Wednesday: Walk for 15 minutes continuously, at a low intensity.
Thursday: Walk for 15 minutes continuously, at a low-to-moderate intensity.
*Try walking at a moderate intensity for most of your walk. You can do it!
Friday: Walk for 15 minutes continuously, at a low intensity.
Saturday: Walk for 15 minutes continuously, at a moderate-to-high intensity.
*Want an easy way to up the ante? Choose a route with a few small hills to challenge yourself.
Sunday: Today is a rest day. Even though you won’t be training, remember to make an effort to move as much as you can.

Week 3
Monday: Walk for 20 minutes continuously, at a moderate-to-high intensity.
*Switch up your route or bring along a buddy to keep things interesting.
Tuesday: Walk for 20 minutes continuously, at a moderate-to-high intensity.
Wednesday: Walk for 20 minutes continuously, at a moderate-to-high intensity.
*Time to bulk out that playlist! Try alternating your intensity from song to song.
Thursday
Walk for 20 minutes continuously, at a moderate-to-high intensity.
Friday
Walk for 20 minutes continuously, at a moderate-to-high intensity.
*Add a burst of speed every few minutes – like when you reach a lamppost or every fifth house.
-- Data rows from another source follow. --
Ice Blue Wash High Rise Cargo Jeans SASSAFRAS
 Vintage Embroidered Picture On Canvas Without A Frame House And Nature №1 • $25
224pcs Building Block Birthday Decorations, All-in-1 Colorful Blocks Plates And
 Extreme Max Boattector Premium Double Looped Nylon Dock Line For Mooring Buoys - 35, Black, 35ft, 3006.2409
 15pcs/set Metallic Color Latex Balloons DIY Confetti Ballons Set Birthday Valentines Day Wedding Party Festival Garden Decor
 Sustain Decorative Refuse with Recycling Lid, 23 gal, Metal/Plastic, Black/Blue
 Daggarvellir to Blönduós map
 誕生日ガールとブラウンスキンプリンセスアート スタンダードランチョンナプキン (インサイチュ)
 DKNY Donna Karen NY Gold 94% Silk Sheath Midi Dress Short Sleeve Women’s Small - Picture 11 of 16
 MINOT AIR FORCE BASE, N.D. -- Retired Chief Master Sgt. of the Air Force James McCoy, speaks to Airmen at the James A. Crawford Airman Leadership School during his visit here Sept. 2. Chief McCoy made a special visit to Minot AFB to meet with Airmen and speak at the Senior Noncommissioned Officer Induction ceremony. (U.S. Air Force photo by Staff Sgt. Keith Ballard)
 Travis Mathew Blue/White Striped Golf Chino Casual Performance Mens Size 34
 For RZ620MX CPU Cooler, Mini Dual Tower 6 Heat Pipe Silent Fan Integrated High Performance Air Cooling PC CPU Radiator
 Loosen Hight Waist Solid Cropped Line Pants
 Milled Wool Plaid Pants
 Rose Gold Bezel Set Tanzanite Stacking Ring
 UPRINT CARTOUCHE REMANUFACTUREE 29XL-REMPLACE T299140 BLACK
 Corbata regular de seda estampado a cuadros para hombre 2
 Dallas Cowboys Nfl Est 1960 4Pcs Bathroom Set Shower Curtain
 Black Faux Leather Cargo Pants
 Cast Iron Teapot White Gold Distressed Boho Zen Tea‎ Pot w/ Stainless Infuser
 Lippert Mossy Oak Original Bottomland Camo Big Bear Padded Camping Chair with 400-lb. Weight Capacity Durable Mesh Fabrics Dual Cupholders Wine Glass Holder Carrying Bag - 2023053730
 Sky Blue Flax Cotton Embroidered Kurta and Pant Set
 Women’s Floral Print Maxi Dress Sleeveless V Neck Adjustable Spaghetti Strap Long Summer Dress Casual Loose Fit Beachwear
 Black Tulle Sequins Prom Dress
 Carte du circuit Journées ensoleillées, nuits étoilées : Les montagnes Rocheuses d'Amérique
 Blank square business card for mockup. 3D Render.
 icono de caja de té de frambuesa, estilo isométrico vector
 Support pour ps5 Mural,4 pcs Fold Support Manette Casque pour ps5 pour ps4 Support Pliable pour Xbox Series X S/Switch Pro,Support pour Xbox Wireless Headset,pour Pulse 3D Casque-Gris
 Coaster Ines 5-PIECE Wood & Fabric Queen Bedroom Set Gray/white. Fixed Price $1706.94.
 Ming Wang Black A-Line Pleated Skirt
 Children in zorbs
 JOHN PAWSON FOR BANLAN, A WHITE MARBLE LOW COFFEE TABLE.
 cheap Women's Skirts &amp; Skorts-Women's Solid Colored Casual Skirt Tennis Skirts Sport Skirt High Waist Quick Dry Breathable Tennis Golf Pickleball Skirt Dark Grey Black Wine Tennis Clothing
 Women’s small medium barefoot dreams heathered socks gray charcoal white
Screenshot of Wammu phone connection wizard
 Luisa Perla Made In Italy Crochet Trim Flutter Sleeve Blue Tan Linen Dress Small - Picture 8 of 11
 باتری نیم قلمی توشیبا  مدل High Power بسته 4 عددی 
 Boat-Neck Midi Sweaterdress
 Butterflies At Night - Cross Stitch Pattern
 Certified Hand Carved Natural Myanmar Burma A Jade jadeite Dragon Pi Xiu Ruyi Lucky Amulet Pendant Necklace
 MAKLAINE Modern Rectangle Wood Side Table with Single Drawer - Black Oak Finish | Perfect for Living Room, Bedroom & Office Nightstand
Saturday: Walk for 20 minutes continuously, at a moderate-to-high intensity.
Sunday: Today is an optional rest day. If you’re keen to try something new, get stuck into any other activity you enjoy, like dancing, cycling, or a class. Whatever you do, try to keep moving as much as possible.

Week 4
Monday: You’re nearly there! Walk for 30 minutes continuously, at a moderate-to-high intensity.
*Plan a little reward for the end of the week, like some new exercise gear.
Tuesday: Walk for 30 minutes continuously, at a moderate-to-high intensity.
Wednesday: Walk for 30 minutes continuously, at a moderate-to-high intensity.
*Feeling a little tired? Try a moderate walk, with short bursts of high intensity.
Thursday: Walk for 30 minutes continuously, at a moderate-to-high intensity.
Friday: Walk for 30 minutes continuously, at a moderate-to-high intensity.
*Up your training by walking up hills or stairs – it’ll increase the intensity, and it’s also a brilliant bum workout!
Saturday: Walk for 30 minutes continuously, at a moderate-to-high intensity.
*You’ve made it! Finish strong and reward yourself.
Sunday: Today is a rest day. Even though you won’t be training, remember to make an effort to move as much as you can – and congratulate yourself on a job well done!